* **Activity**:
Without the pictures, retype each line below exactly as it stands.
*** Opening Dataset section ***
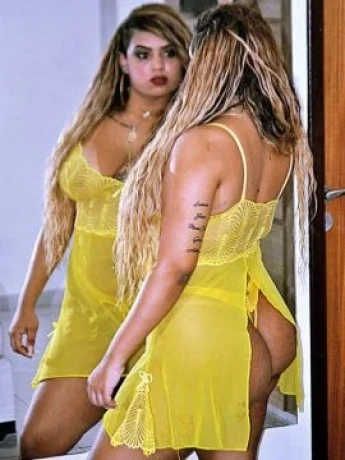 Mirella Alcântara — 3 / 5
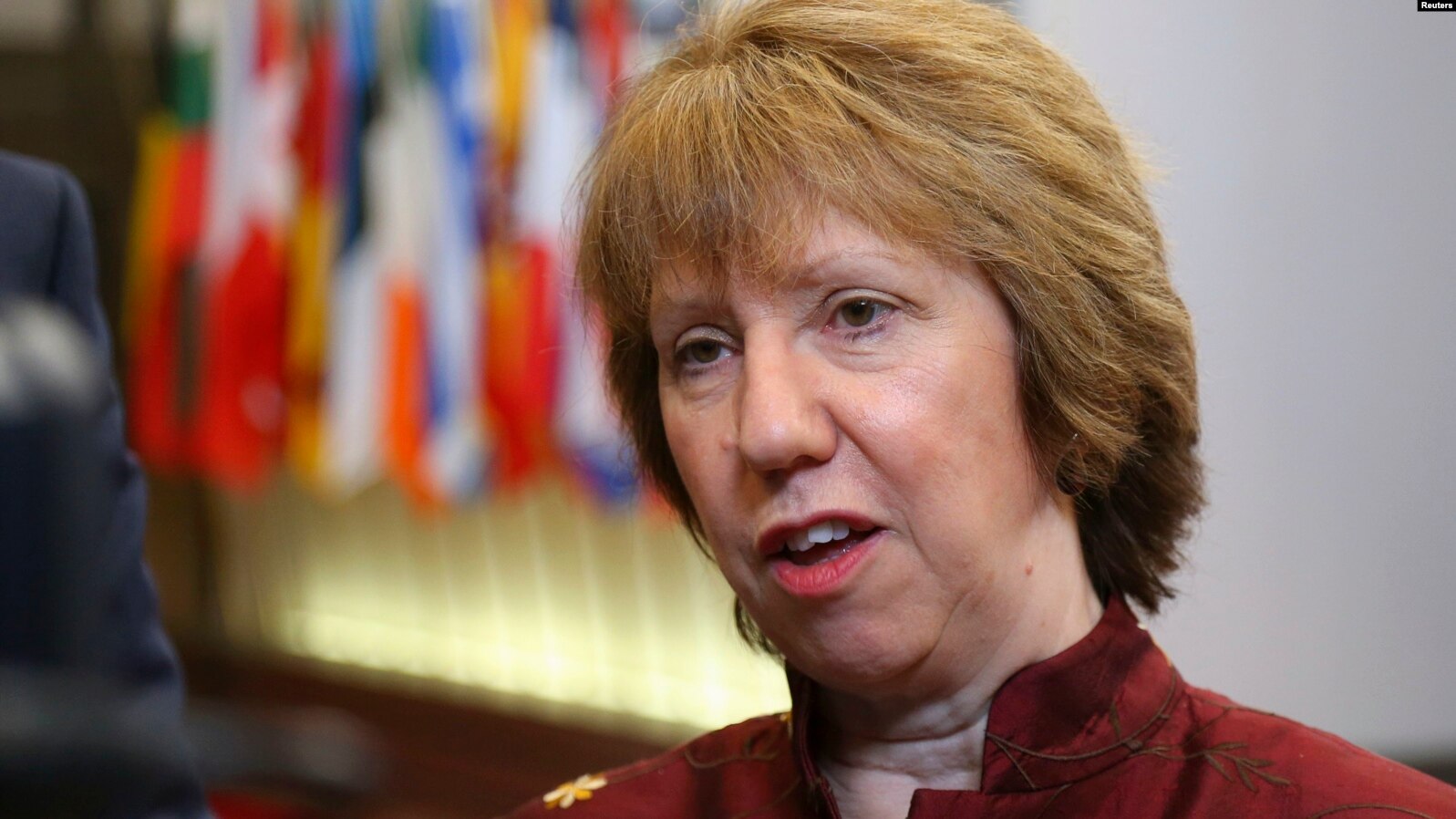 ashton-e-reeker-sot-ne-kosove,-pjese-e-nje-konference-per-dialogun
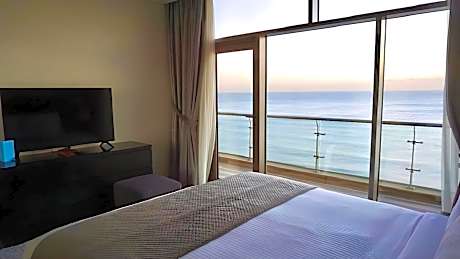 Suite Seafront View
*** Closing Dataset section ***
* **Written response**:
 Mirella Alcântara — 3 / 5
 ashton-e-reeker-sot-ne-kosove,-pjese-e-nje-konference-per-dialogun
 Suite Seafront View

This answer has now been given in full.